* [Required action]: Report how many lines in the listing below include the string "Gold", and write nothing more.

▼▼▼

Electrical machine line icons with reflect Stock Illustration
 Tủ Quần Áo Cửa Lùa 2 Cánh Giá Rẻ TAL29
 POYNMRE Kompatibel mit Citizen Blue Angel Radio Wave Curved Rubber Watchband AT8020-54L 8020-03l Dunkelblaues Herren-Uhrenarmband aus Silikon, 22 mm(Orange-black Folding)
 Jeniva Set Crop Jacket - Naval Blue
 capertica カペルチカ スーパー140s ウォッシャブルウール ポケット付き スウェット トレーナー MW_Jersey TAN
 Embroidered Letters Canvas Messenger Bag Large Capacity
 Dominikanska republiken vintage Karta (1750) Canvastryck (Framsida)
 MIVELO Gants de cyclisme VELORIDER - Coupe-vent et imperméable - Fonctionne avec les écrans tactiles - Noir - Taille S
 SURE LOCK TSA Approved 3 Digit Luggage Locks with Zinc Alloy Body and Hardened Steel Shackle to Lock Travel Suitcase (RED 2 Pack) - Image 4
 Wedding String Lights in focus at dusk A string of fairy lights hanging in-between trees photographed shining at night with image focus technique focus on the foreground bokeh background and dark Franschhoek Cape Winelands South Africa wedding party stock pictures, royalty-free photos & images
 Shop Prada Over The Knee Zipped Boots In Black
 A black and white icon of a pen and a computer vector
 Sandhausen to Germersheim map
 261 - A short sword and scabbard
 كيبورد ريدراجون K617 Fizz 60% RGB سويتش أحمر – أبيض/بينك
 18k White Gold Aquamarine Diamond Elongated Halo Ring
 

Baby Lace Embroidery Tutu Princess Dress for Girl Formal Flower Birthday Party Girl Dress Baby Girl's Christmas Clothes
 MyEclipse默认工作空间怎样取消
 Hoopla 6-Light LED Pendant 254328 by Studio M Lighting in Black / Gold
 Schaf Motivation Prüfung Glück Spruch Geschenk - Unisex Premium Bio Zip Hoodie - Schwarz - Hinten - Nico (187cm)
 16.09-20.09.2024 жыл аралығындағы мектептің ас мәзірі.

▲▲▲

* [Task response]: 2